Data under study —
*** Begin section ***

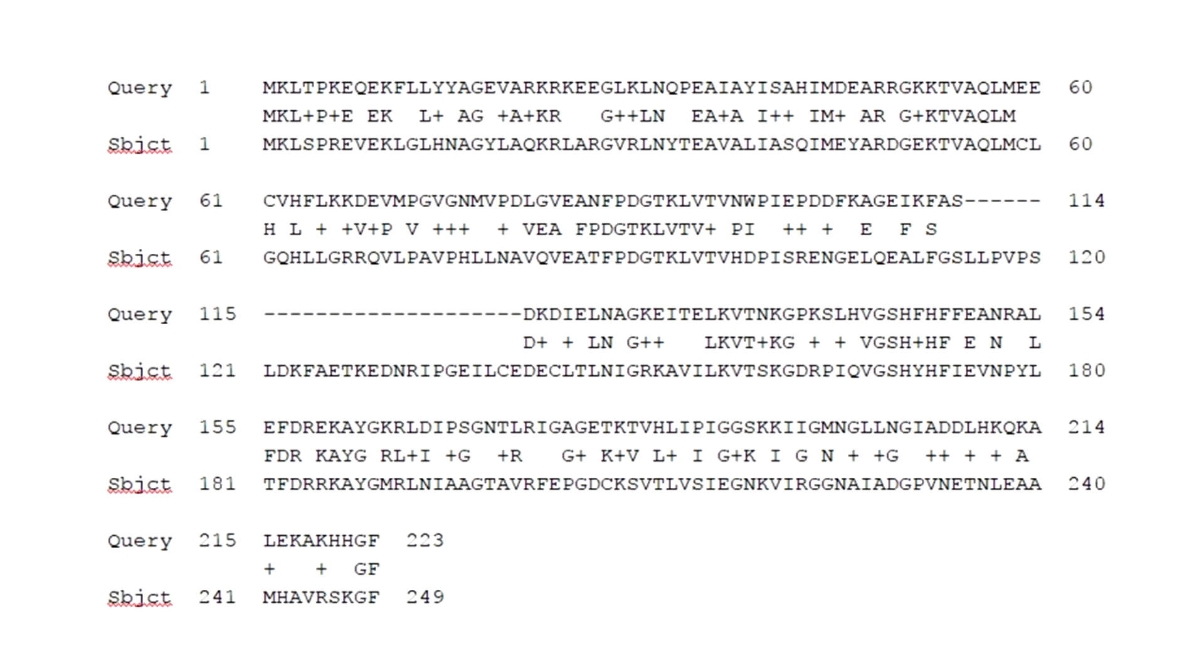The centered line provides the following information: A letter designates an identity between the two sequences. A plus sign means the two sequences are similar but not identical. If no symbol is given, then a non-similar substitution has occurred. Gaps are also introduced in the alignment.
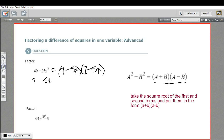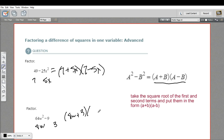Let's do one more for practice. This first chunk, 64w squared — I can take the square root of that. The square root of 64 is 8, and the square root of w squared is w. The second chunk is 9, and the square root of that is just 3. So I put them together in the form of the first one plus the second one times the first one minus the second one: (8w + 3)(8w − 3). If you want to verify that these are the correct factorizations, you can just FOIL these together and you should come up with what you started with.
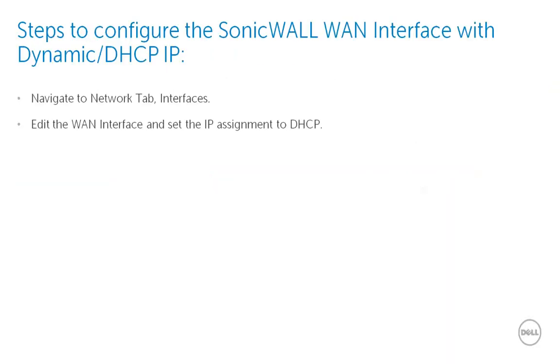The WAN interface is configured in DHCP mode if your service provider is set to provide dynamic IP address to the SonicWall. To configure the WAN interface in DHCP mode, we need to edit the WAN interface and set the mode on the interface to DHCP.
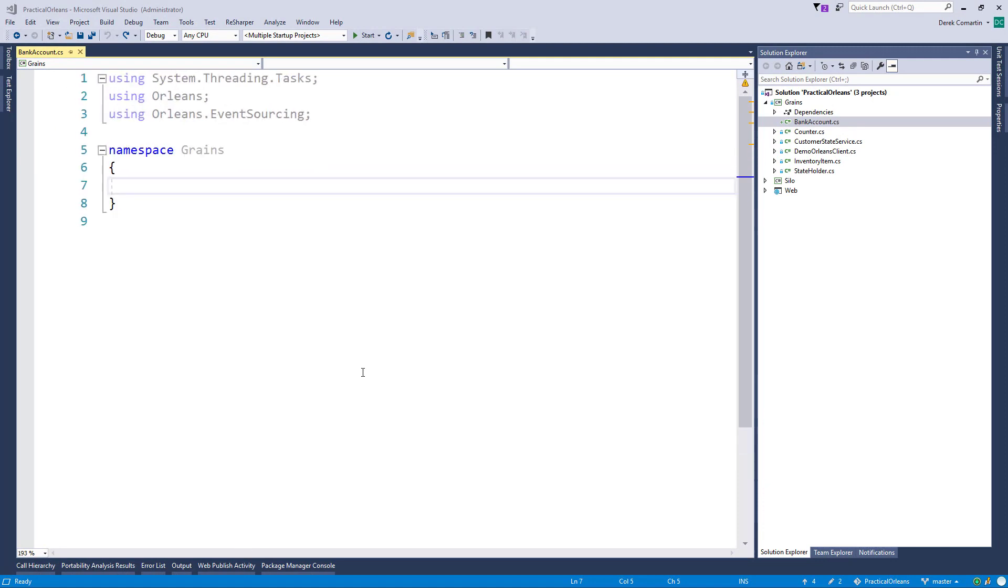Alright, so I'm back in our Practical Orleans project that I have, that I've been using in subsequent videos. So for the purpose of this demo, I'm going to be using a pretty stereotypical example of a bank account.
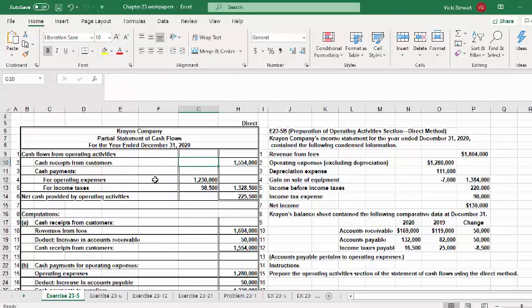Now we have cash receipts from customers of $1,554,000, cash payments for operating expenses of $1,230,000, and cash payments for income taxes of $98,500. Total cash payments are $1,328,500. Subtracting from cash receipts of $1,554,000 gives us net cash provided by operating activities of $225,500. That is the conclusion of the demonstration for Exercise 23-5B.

*** End section ***
*** Begin section ***

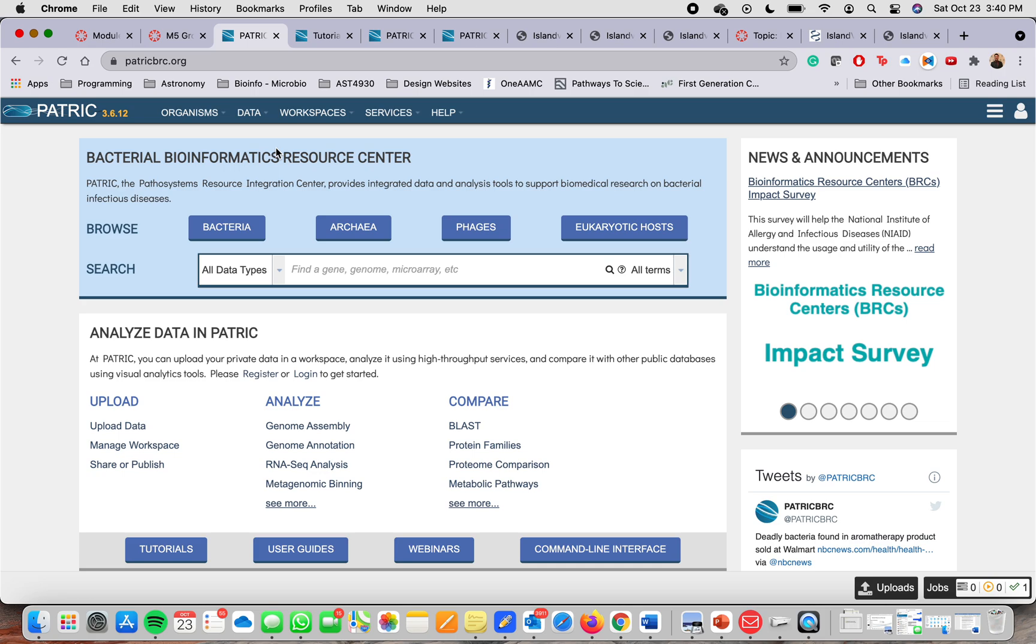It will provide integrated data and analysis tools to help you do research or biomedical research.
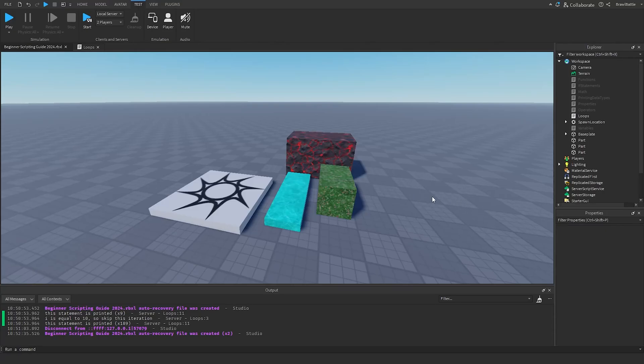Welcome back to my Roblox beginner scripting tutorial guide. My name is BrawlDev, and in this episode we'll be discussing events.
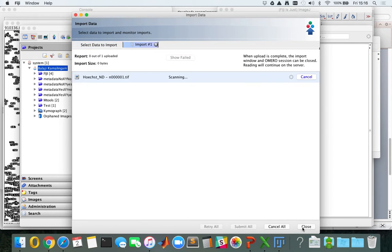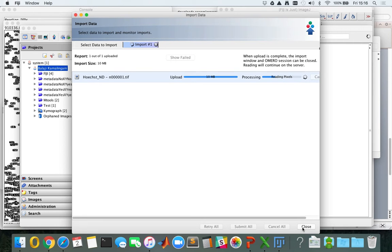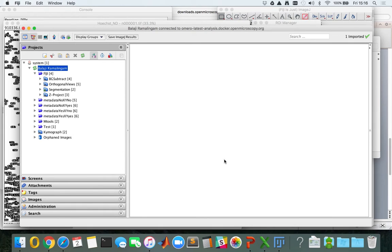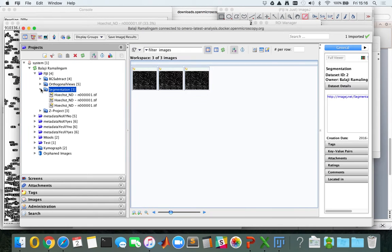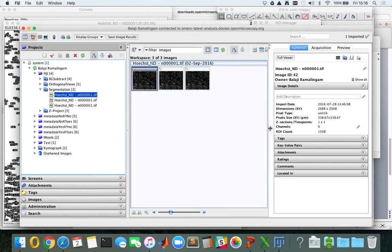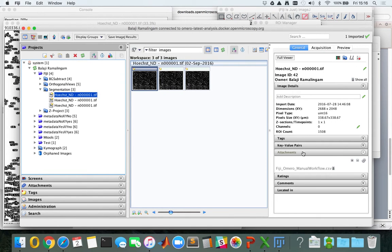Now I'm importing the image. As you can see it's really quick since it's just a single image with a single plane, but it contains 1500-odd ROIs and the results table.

*** End section ***
*** Begin section ***

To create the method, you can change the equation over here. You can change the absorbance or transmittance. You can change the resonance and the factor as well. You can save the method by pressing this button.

*** End section ***

Work task — Leaving out the pictures, please output the lines in the entries above from the one with "Welcome back to" through the one with "Now I'm importing", exactly as they are.

Response area —
Welcome back to my Roblox beginner scripting tutorial guide. My name is BrawlDev, and in this episode we'll be discussing events.
Now I'm importing the image. As you can see it's really quick since it's just a single image with a single plane, but it contains 1500-odd ROIs and the results table.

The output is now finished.